Don’t you know how dangerous love is?’ No, he did not know.
What on earth was an Englishman to make of these strange patterns of thought, these confused and contending loyalties? He was struck dumb. ‘Only I must not fall in love and I won’t.’ Was this why she had elected to love Mountolive’s England through him rather than Mountolive himself? He could find no answer to this. The limitations of his immaturity tongue-tied him. He closed his eyes and felt as if he were falling backwards into black space.

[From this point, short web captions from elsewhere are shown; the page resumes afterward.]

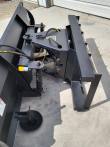 Push blade angle adjustment: dual hydraulic cylinders with coil springs and a manual hand crank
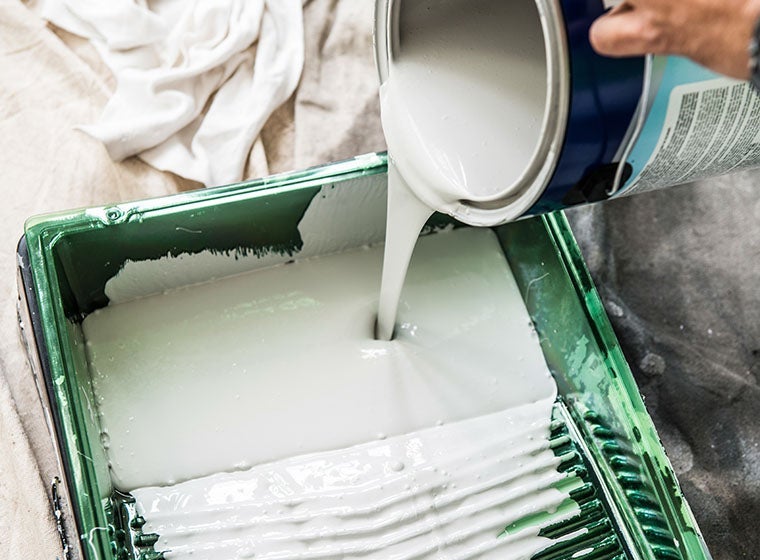 pouring paint into paint tray on top of drop cloth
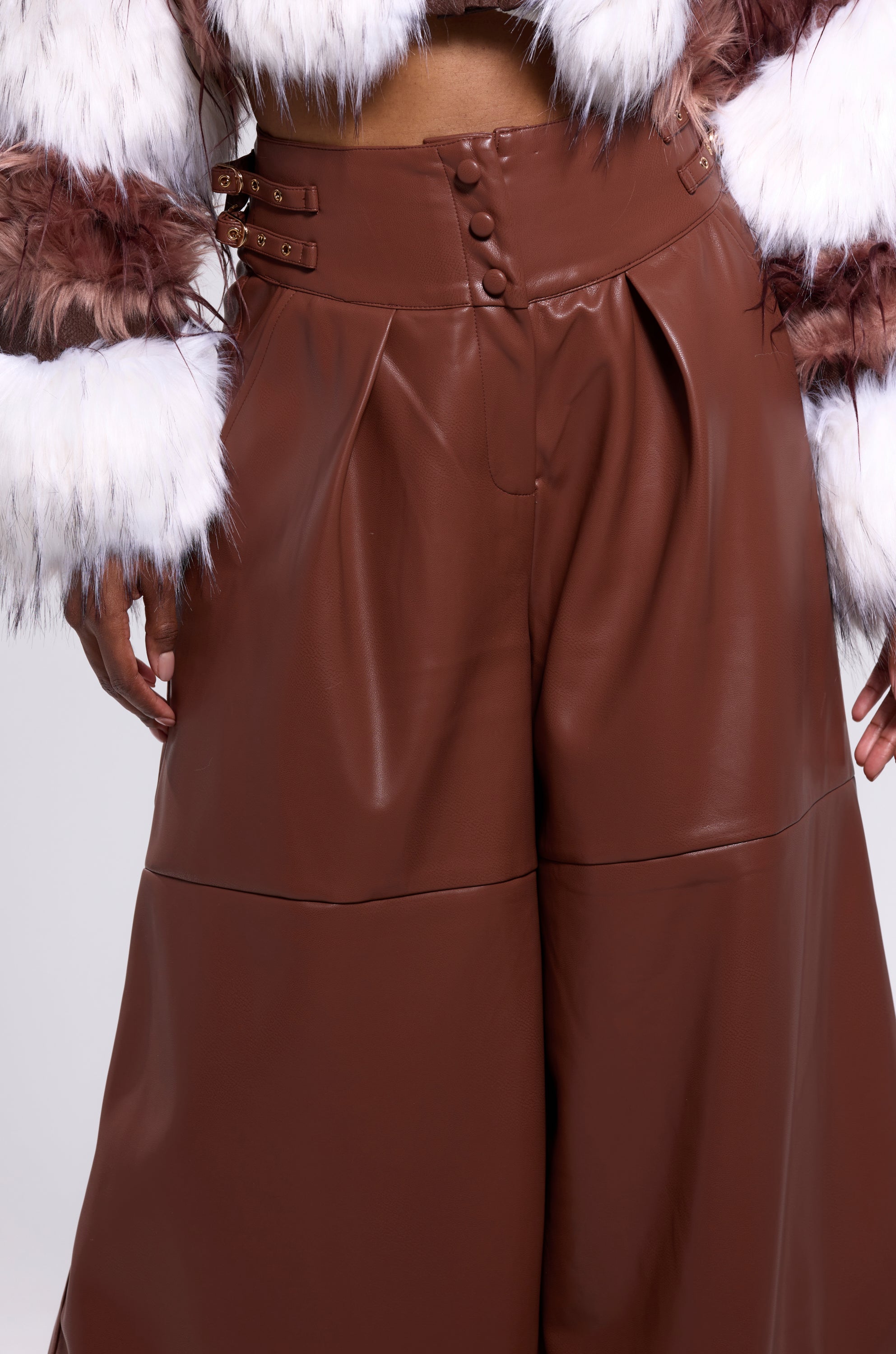Someone wears the BETTER OFF WITHOUT YOU FAUX LEATHER TROUSER, featuring a high-rise wide-leg cut and belt buckle details, styled with a cropped brown and white fluffy fur jacket. The photo is cropped from chest to knees.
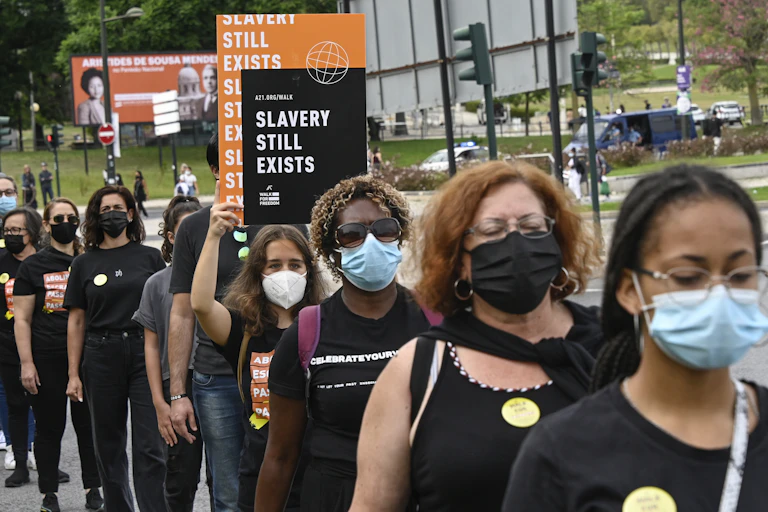 A group of people walk in a line holding signs against human trafficking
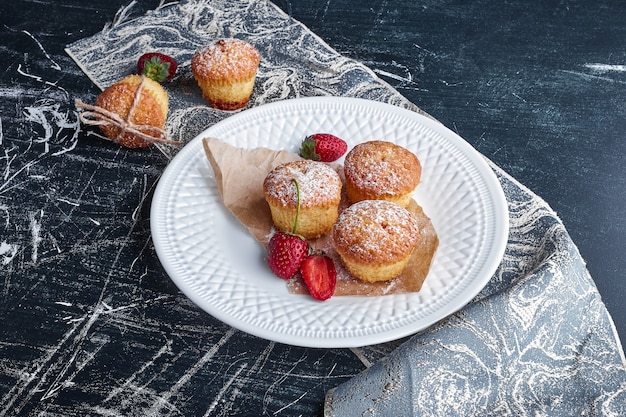 Cupcakes in un piatto bianco con frutti di bosco.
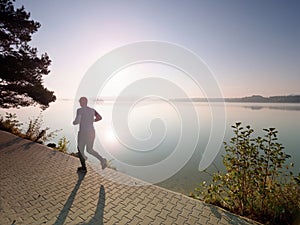Silhouette of athlete run on sunset background copy space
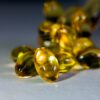Vibrant close-up of golden softgel capsules, perfect for health-related content.
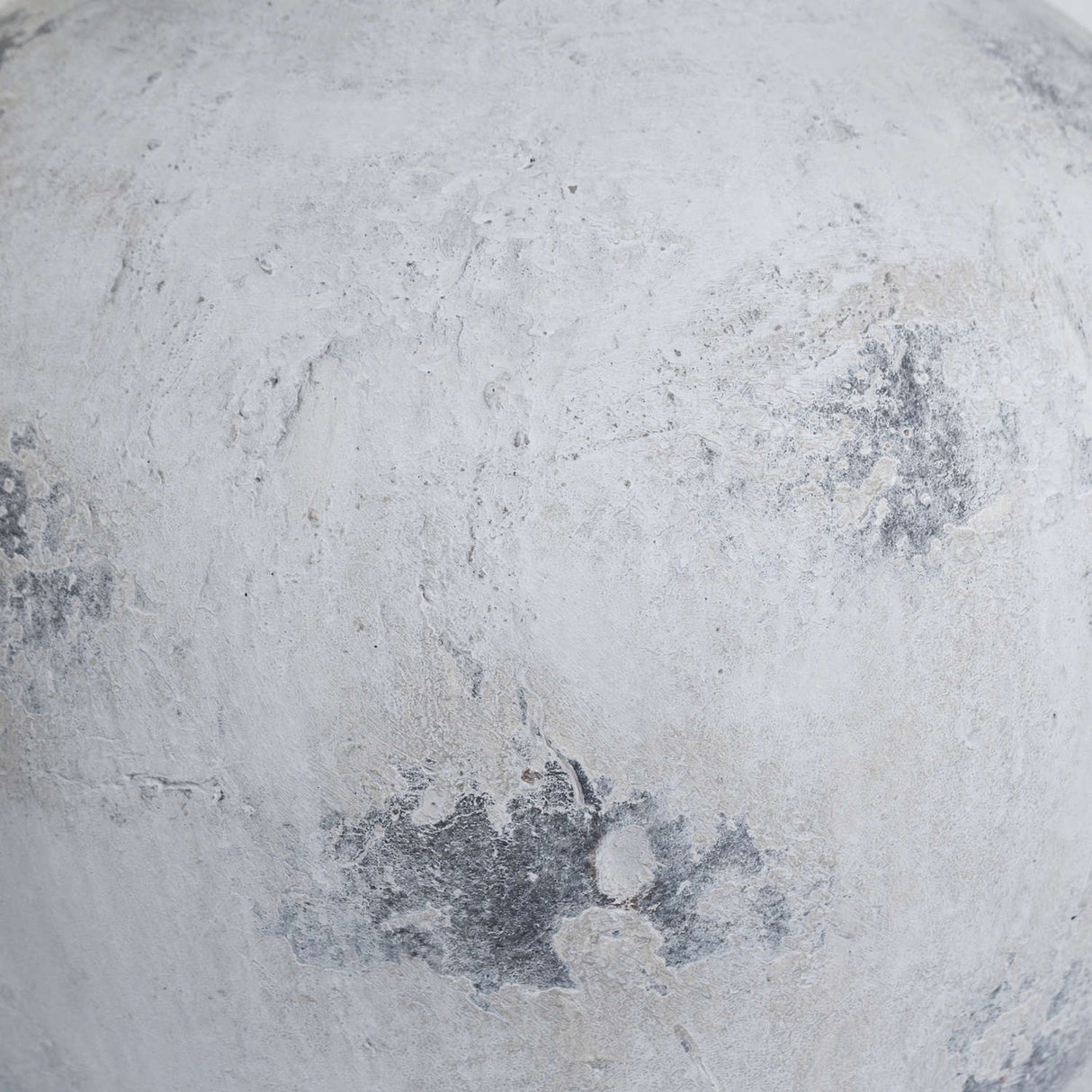 Close-up of the Hill Interiors Large Antique White Ceramic Vase showing its matte chalky glaze with soft grey weathered patches across the rounded body.
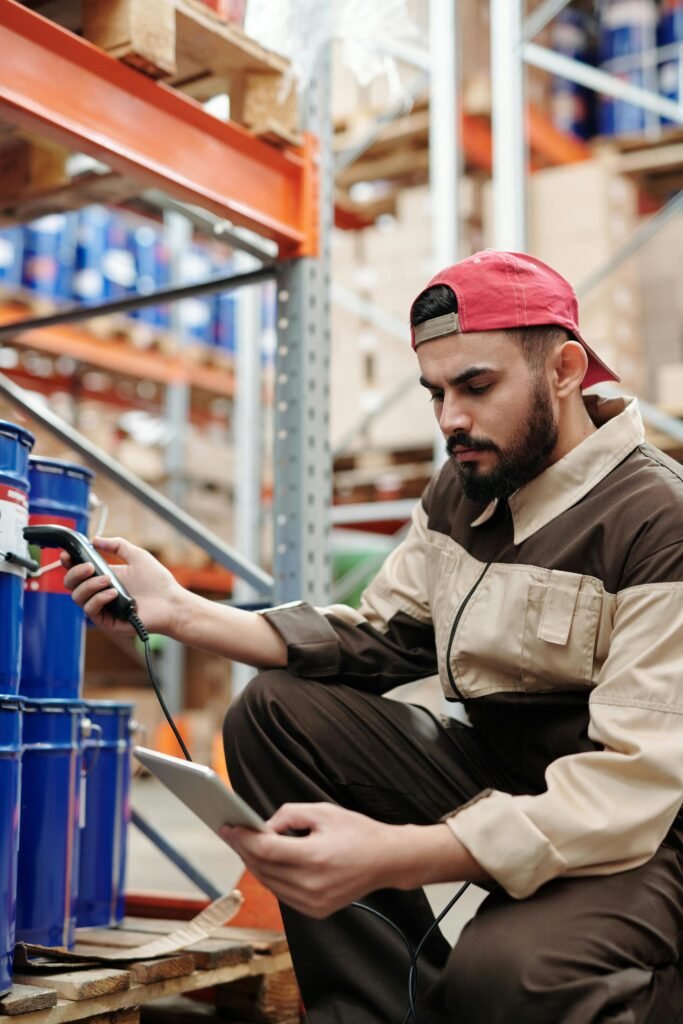 pexels-photo-4484150-4484150 Man in warehouse scanning items with digital tablet, focused on inventory management.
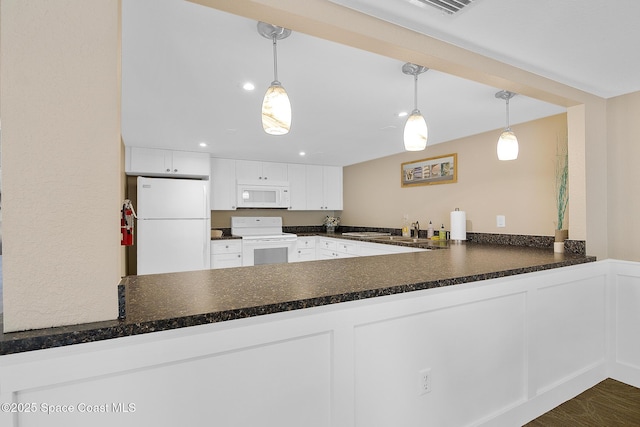 2815 S Atlantic Ave Unit 606, Cocoa Beach, FL 32931 - kitchen featuring white appliances, a peninsula, dark countertops, white cabinetry, and recessed lighting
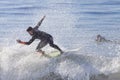 Athlete surfing on Santa Cruz beach in California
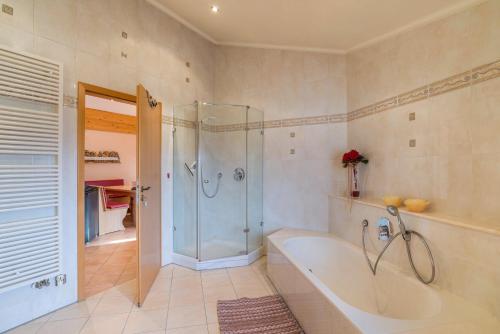 a large bathroom with a tub and a shower at Haus am Bächel in Lauf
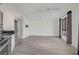 Bright and spacious living area with wood-style flooring and large window at 29 Montelago Blvd # 213, Henderson, NV 89011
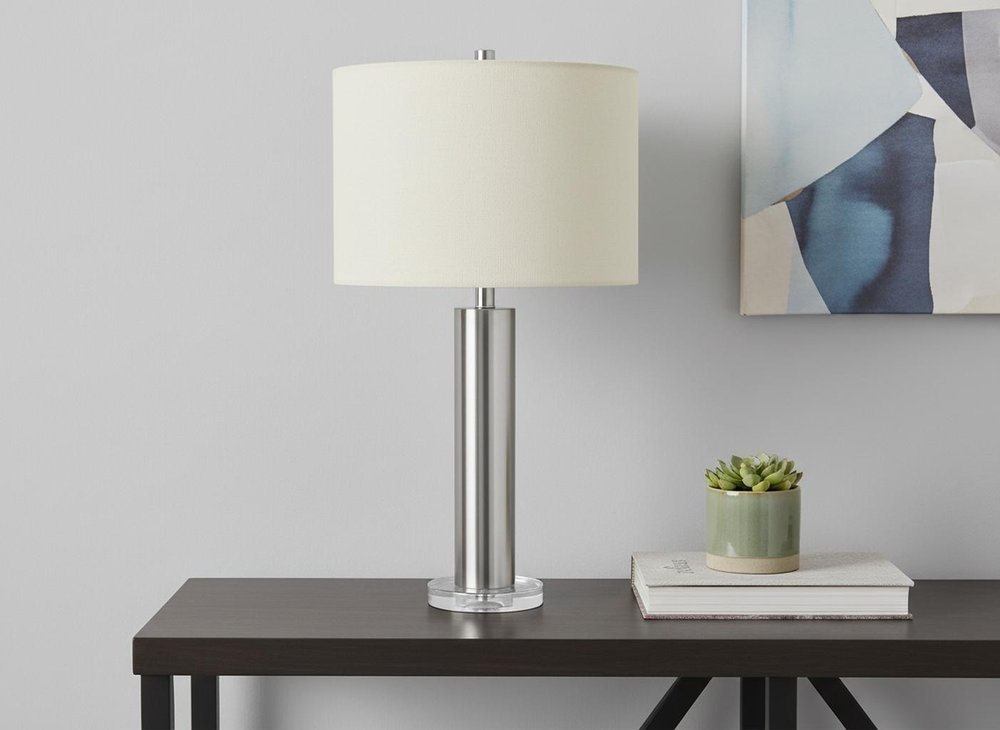 28" Silver Acrylic Cylinder Table Lamp With Ivory Drum Shade displayed on a tabletop in a furnished interior against a light gray wall.
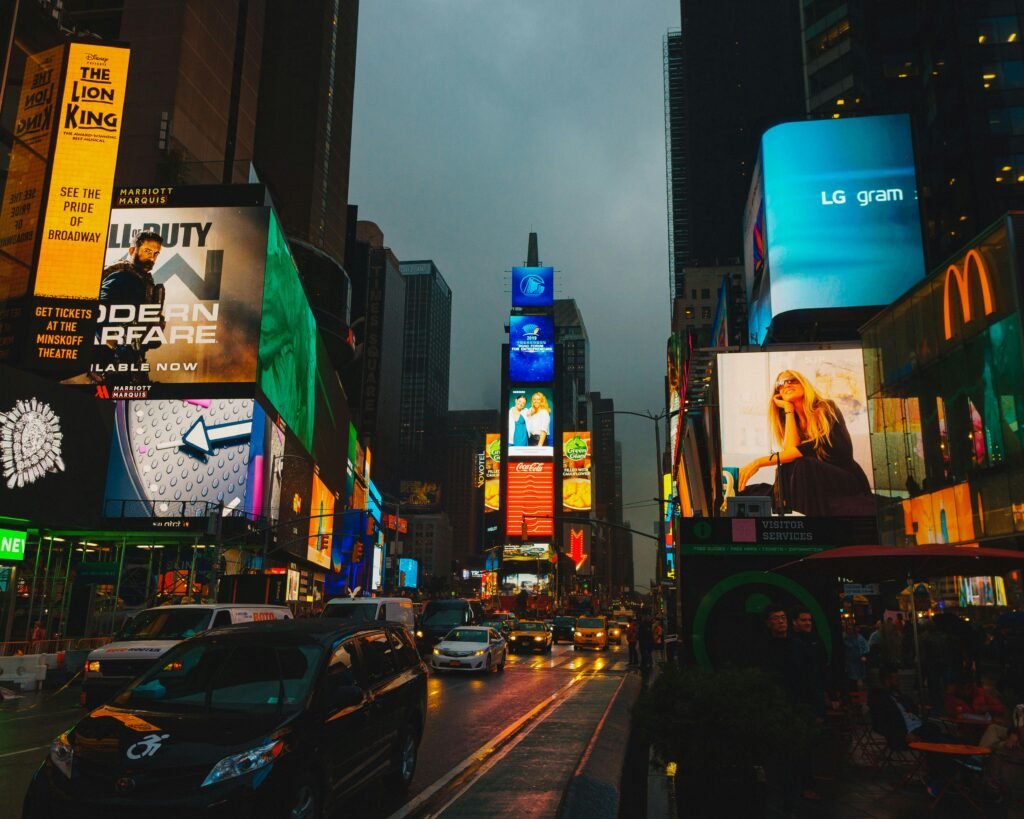 the LED screens on the tower of a busy road displaying different adds.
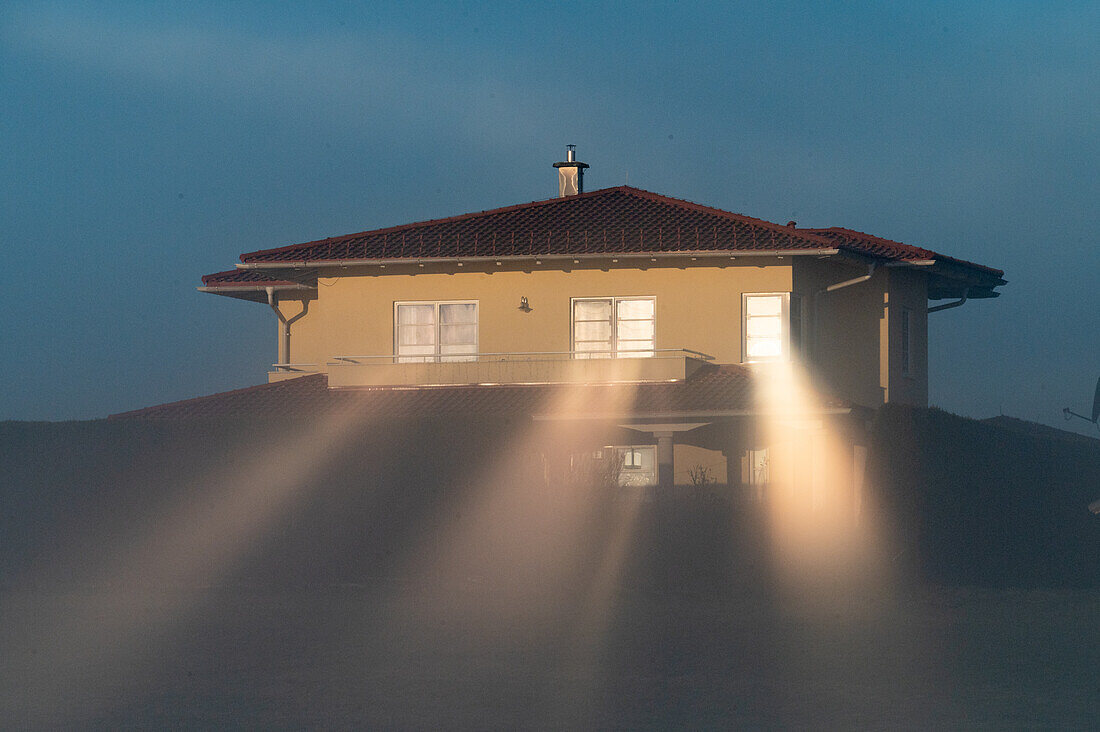  Morning mood with fog and reflection of the sun rays from the house windows, Henndorf, Salzburg, Austria 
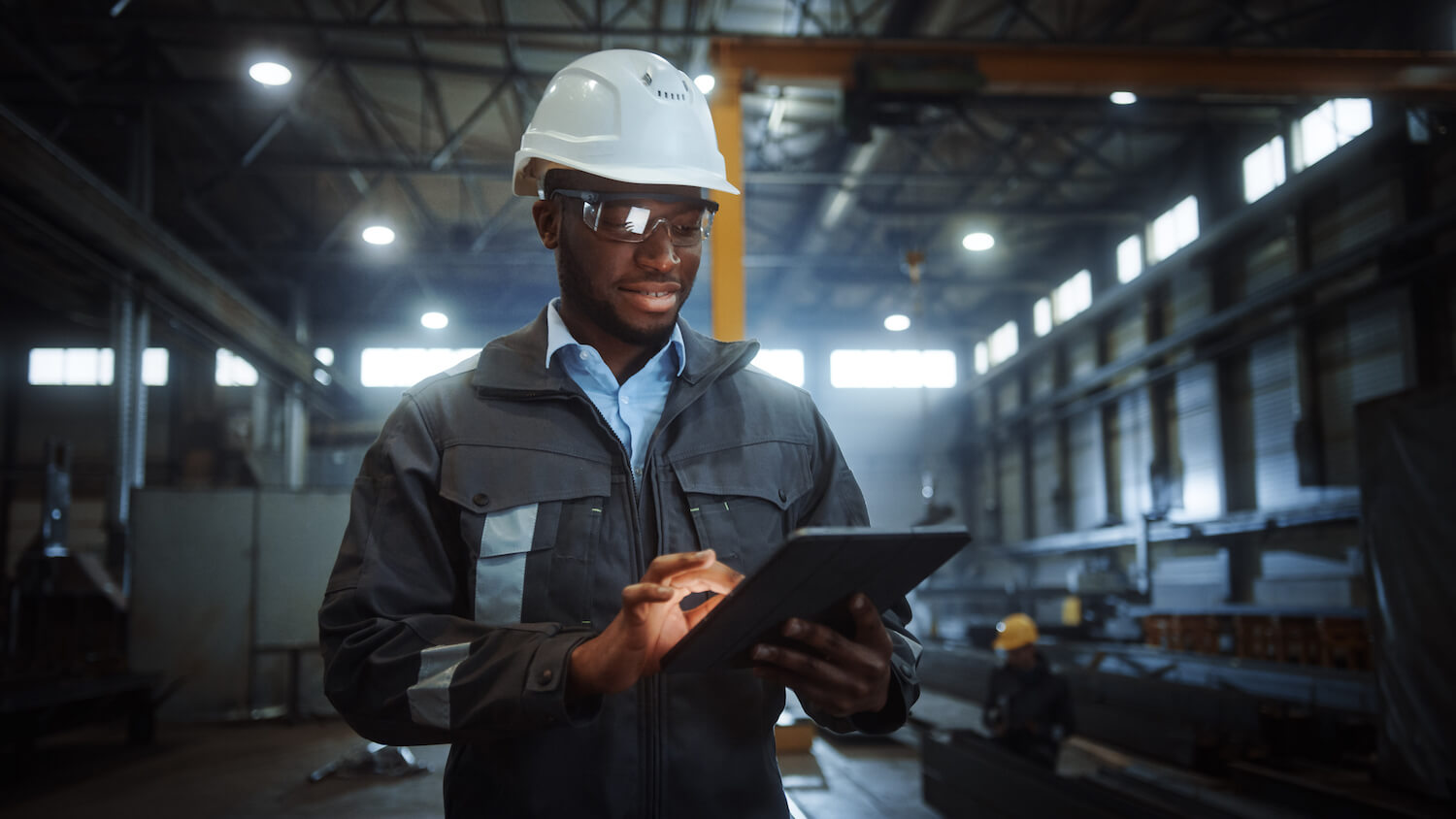 Professional Heavy Industry Engineer Worker Wearing Safety Uniform and Hard Hat Uses Tablet Computer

And Leila, divining this, found in him an innocence which was itself endearing: in a way she set herself to make a man of him, using every feminine warmth, every candour. He was both a lover to her and a sort of hapless man—child who could be guided by her towards his own growth. Only (she must have made the reservation quite clearly in her own mind) she must beware of any possible resentment which he might feel at this tutelage. So she hid her own experience and became for him almost a companion of his own age, sharing a complicity which somehow seemed so innocent, so beyond reproach, that even his sense of guilt was almost lulled, and he began to drink in through her a new resolution and selfconfidence. He told himself with equal resolution that he also must respect her reservations and not fall in love, but this kind of dissociation is impossible for the young. He could not distinguish between his own various emotional needs, between passion-love and the sort of romance fed on narcissism. His desire strangled him. He could not qualify it. And here his English education hampered him at every step. He could not even feel happy without feeling guilty. But all this he did not know very clearly: he only half-guessed that he had discovered more than a lover, more than an accomplice. Leila was not only more experienced; to his utter chagrin he found that she was even better read, in his own language, than he was, and better instructed. But, as a model companion and lover, she never let him feel it. There are so many resources open to a woman of experience. She took refuge always in a tenderness which expressed itself in teasing. She chided his ignorance and provoked his curiosity. And she was amused by the effect of her passion on him — those kisses which fell burning like spittle upon a hot iron. Through her eyes he began to see Egypt once more — but extended through a new dimension. To have a grasp of the language was nothing, he now realized; for Leila exposed the hollowness of the knowledge when pitted against understanding.